Discussing their motivations for establishing UCITS funds in Ireland, panellists highlighted the robust but pragmatic and efficient regulatory approval process as well as the approachability and responsiveness of the Financial Regulator and the quality of the Irish law firms and service providers.

Recent figures from EFAMA show that in 2009 total assets in UCITS rose by 16.7 percent, or €757 billion, to reach a total of €5,299 billion. It is expected that inflows in 2010 will dramatically exceed that figure.

Gary Palmer commented: “While UCITS were traditionally limited to ‘long only’ type strategies, changes under UCITS III enabled the use of many common alternative investment strategies within a robust regulatory framework and investment managers are increasingly availing of these opportunities. UCITS III is a very good example of how the UCITS framework enables product innovation while insisting that strict regulatory standards are followed. The evolution of UCITS has continued with UCITS IV, which will increase efficiencies in the European asset management industry and further enhance the market for cross-border funds. The excellent attendance at this event shows the interest investment managers have in UCITS.

We heard from our panellists that their establishment of UCITS funds was driven by investor demand, the need for regulatory certainty and distribution possibilities and it is clear that UCITS are increasingly becoming must-have offerings for many hedge fund managers. Inflow figures for 2010 thus far strongly suggest that this year will be another record year for UCTIS.

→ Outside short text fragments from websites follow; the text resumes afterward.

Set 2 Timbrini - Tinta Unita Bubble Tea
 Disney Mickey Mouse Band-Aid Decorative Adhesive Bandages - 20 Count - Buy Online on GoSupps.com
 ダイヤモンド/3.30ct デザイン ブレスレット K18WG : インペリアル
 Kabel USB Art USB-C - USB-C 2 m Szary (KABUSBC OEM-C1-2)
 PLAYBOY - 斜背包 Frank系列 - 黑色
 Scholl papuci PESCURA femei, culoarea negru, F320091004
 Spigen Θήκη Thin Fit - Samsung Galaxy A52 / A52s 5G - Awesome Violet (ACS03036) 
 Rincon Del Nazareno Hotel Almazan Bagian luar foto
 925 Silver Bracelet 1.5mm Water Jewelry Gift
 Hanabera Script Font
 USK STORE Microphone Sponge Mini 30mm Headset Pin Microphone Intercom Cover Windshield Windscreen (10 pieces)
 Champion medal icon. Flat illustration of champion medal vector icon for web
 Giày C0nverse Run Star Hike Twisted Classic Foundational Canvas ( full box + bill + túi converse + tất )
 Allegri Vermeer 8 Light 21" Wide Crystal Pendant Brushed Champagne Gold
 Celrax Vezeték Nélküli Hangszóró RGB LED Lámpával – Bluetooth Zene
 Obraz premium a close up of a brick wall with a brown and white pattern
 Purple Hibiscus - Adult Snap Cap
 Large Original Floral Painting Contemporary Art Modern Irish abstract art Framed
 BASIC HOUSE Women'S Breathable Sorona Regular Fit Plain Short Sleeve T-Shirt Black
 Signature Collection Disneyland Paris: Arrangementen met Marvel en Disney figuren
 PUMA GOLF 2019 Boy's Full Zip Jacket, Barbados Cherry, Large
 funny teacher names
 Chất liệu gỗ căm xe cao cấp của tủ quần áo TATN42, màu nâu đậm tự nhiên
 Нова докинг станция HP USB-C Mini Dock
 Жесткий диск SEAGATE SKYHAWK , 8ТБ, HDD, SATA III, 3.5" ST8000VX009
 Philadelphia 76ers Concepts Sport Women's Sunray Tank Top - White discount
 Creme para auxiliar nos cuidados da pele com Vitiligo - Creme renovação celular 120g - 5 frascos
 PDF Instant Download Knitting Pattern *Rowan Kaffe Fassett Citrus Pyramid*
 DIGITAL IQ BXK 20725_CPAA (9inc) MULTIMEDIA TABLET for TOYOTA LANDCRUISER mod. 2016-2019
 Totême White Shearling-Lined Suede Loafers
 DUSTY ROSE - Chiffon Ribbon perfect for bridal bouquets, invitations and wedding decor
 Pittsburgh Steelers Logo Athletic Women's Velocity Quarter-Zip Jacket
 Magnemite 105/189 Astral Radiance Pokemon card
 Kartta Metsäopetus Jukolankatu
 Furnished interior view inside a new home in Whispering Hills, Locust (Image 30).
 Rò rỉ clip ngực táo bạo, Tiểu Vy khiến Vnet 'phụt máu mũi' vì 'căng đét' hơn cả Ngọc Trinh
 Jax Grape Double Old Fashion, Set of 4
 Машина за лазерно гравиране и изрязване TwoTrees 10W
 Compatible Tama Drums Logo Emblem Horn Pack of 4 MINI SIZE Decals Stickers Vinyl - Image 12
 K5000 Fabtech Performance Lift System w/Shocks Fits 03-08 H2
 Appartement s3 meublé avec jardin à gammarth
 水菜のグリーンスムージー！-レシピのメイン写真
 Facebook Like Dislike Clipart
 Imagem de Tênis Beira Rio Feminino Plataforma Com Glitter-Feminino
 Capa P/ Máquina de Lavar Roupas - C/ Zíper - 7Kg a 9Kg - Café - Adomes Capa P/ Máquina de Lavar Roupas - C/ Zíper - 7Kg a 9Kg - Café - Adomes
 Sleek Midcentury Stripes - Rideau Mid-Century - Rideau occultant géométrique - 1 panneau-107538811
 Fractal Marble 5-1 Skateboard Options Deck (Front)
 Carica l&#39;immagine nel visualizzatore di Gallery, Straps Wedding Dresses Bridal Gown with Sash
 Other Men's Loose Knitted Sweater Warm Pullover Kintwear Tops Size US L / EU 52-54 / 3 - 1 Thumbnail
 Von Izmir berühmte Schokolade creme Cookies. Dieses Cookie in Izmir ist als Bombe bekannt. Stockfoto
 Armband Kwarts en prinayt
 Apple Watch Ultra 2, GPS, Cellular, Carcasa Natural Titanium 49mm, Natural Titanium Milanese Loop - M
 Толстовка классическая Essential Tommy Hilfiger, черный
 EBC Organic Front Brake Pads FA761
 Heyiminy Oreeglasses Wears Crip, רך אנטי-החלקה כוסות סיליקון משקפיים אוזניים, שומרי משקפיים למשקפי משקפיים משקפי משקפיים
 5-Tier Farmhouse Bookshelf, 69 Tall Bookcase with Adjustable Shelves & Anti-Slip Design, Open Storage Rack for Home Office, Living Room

Bridget, Tim and Paul’s testimonies vindicate our belief that Ireland is the best location for establishing UCITS, particularly those using alternative investment strategies, and I think it has been good for managers to hear directly from industry practitioners how smooth the process of setting up a UCITS fund in Ireland can be. Establishing a UCITS fund in Ireland can take as little as six weeks, which is a far shorter process than other jurisdictions can offer.”